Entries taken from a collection
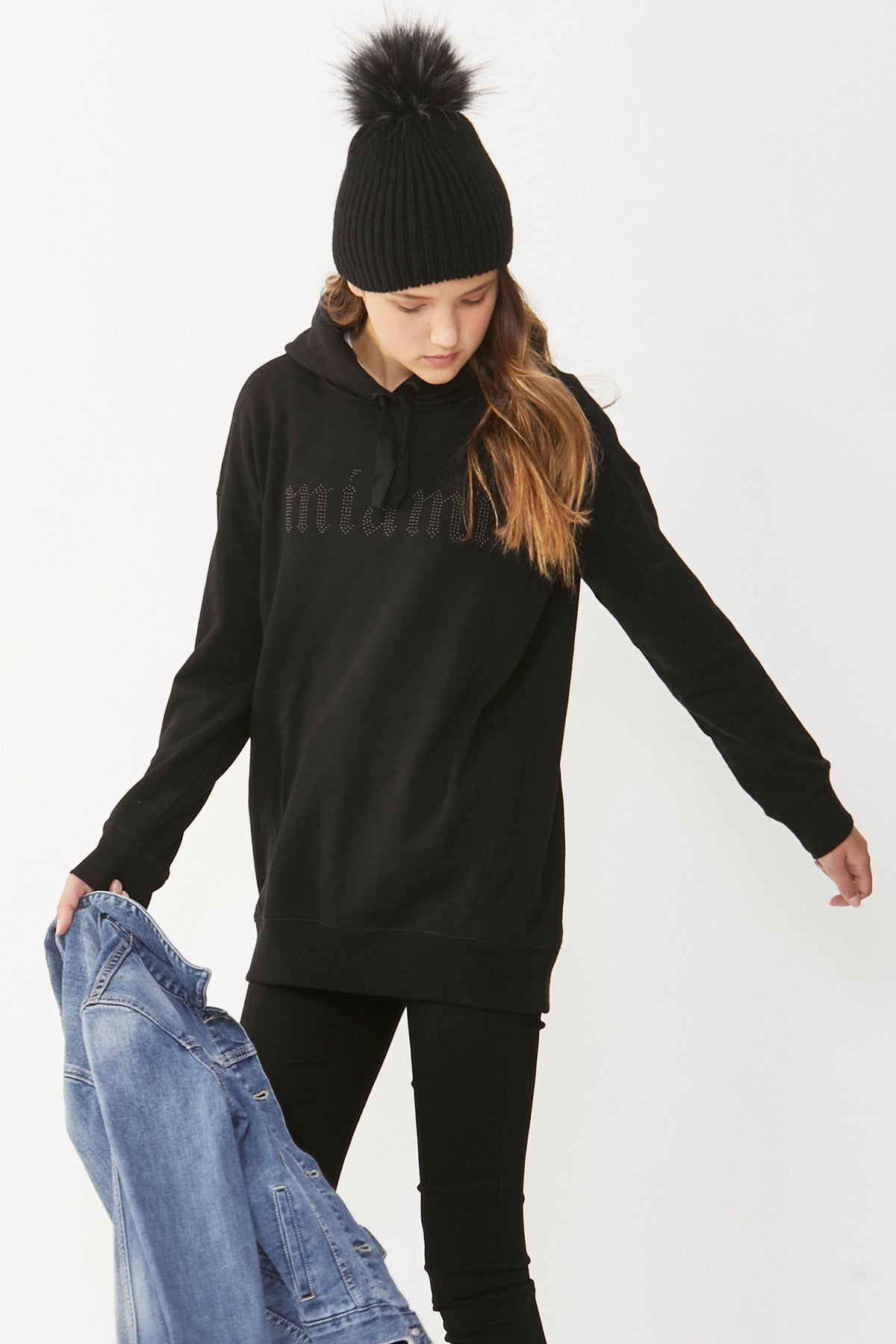 [TEST] Kids Miami Oversized Sweat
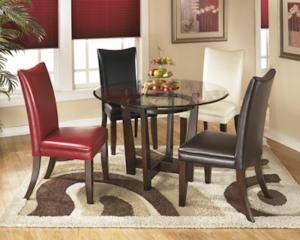 D357-15 Charrell by Ashley Round Dining Room Table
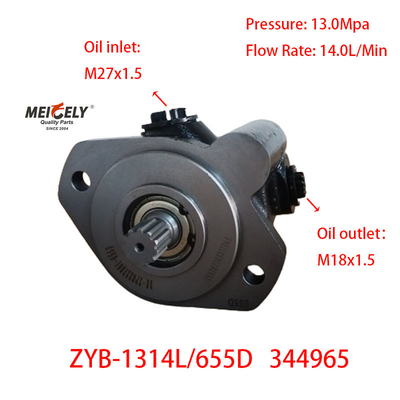 Stock 344965 Dongfeng Cummins Pompine di sterzo per camion pesanti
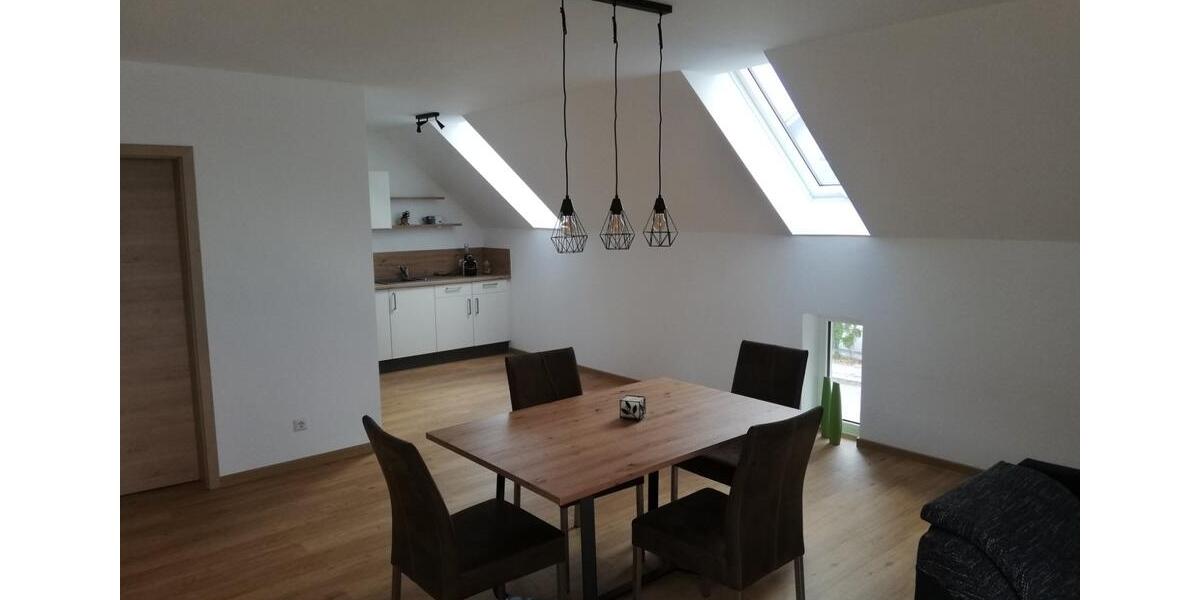 Etagenwohnung Unterthingau - 3 Zimmer, 80&euro; | Angebot:22613416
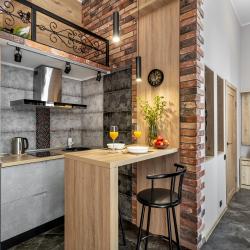 Фото Отель Home Group (Хоум Груп) на улице Мира 44 литер 5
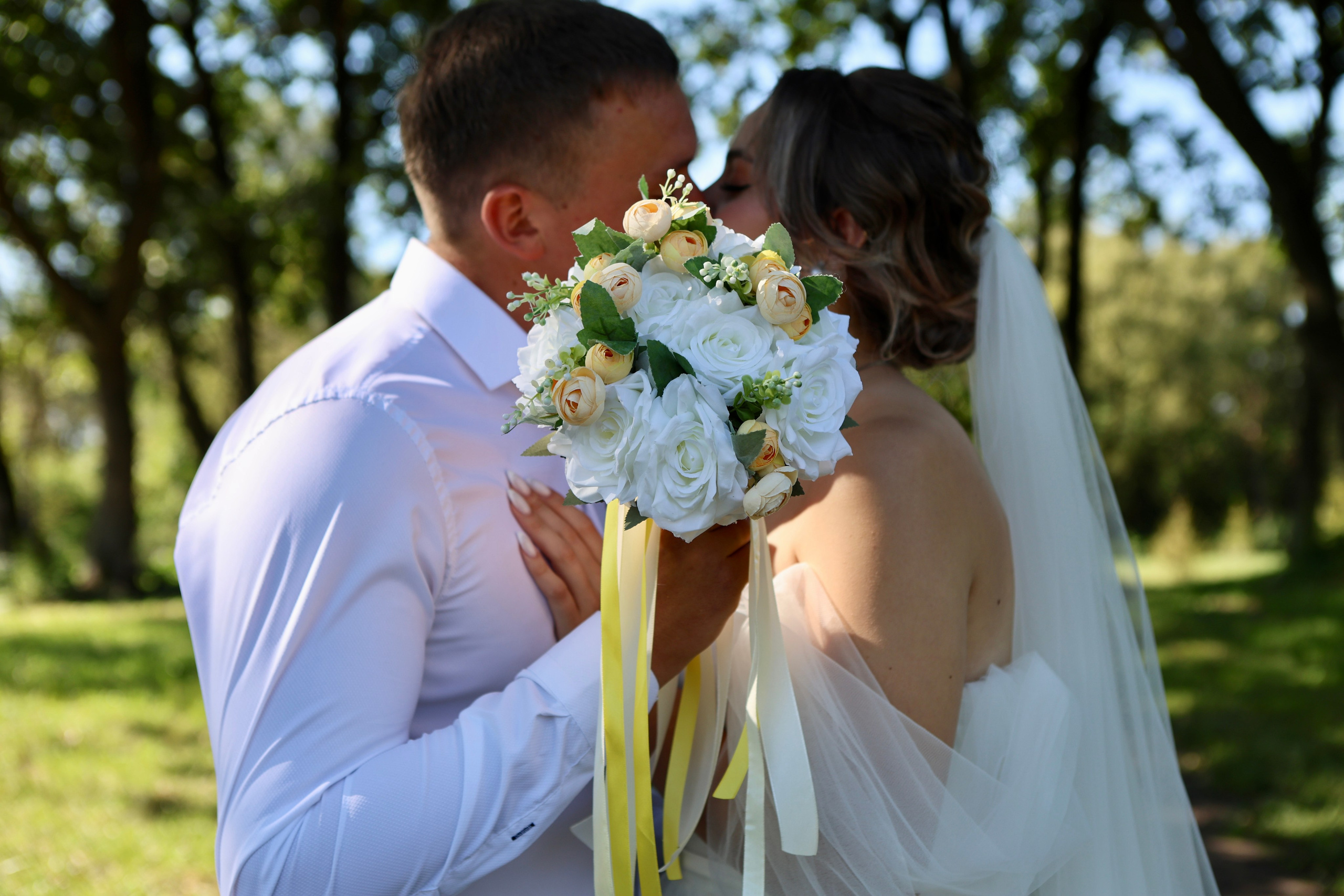 Вероника и Александр. Фотограф в Курске Смирнов Евгений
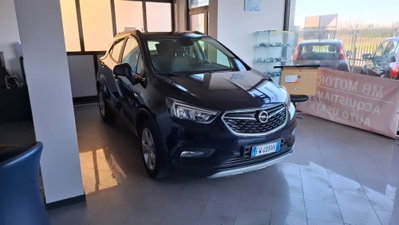 Opel Mokka 1.6 CDTI Ecotec 4x2 Start&Stop Business (2)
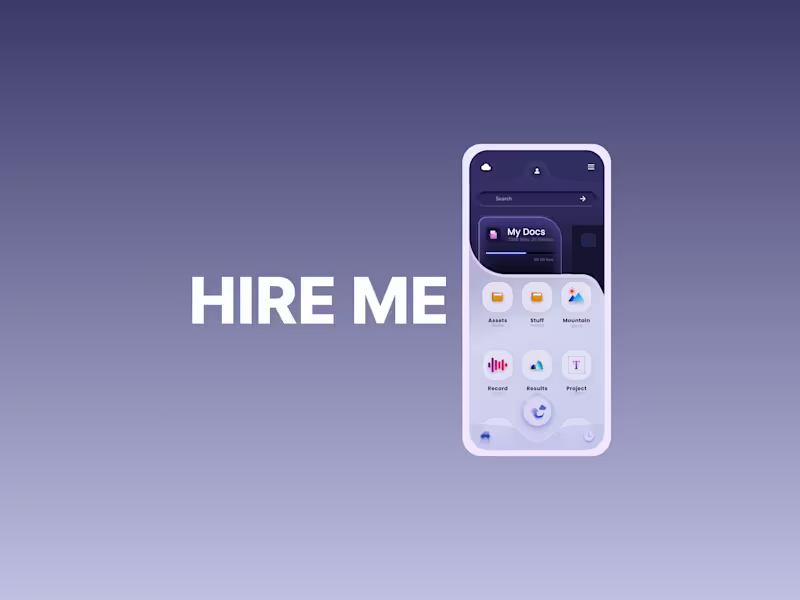Cover image for My Docs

▸ **Activity**: Exactly and only the lines from the top of the records down to the line containing "Opel Mokka 1.6" should be transcribed, please, without the pictures.

▸ **Task response**:
 [TEST] Kids Miami Oversized Sweat
 D357-15 Charrell by Ashley Round Dining Room Table
 Stock 344965 Dongfeng Cummins Pompine di sterzo per camion pesanti
 Etagenwohnung Unterthingau - 3 Zimmer, 80&euro; | Angebot:22613416
 Фото Отель Home Group (Хоум Груп) на улице Мира 44 литер 5
 Вероника и Александр. Фотограф в Курске Смирнов Евгений
 Opel Mokka 1.6 CDTI Ecotec 4x2 Start&Stop Business (2)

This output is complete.